Gold electroplating for high aspect ratio X-ray optics

Schematic representation of the electroplating 3-electrode configuration. The sample to be plated is designated as the working electrode, Pt wire used as a counter electrode and a mercury sulfate (sat. K2SO4) reference electrode.

We recently modified the existing electroplating set up to a considerably faster, cleaner and, safer method by moving from a cyanide based Au electrolyte (commonly used) to a sulfite based Au electrolyte. Strict control of the deposition parameters is possible by using a 3-electrode configuration in conjunction with a potentiostat.
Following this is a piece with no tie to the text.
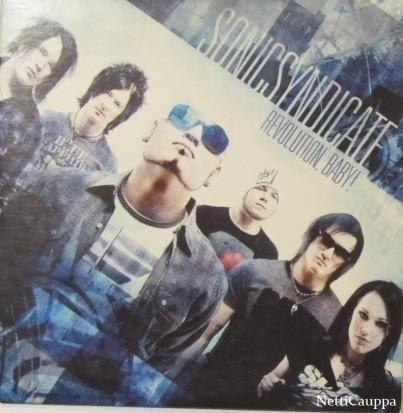 Sonic Syndicate • Revolution, Baby PROMO CD-Single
The potentiostat applies a variable potential difference between the sample to be plated (working electrode) and the Pt or Au wire (the counter electrode), using a mercury sulfate electrode as the potential reference (reference electrode). In addition to rotating the sample in the plating solution, this process enables faster deposition rates and controllable growth modes in the presence of different p-block metal additives.

One such example is bottom-up Au filling of high aspect ratio silicon for use in grating-based X-ray technologies. Typically, in high aspect ratio/recessed features, sidewall growth can lead to early closing of the features to be filled resulting in voids – typically detrimental with respect to X-ray optics applications. The same is true for conformal growth in very deep structures, with the added disadvantage that conformal growth above the recessed features would lead to overfilling/waste and may require additional processing steps such as etching. With strict control of the deposition parameters as previously explained, bottom-up accelerated growth (Au deposition) can be realised. Resulting in, fully-filled, dense structures, free of any voids and with minimal deposition on the top of the field controllable by potential and the rotation rate.

Apart from bottom-up Au electroplating, the TOMCAT group is also involved in Au pulsed electrodeposition and Pd electroless deposition. Non electrochemical techniques have been also developed such as Ir atomic layer deposition and metal casting of Au-Sn and Pb based alloys.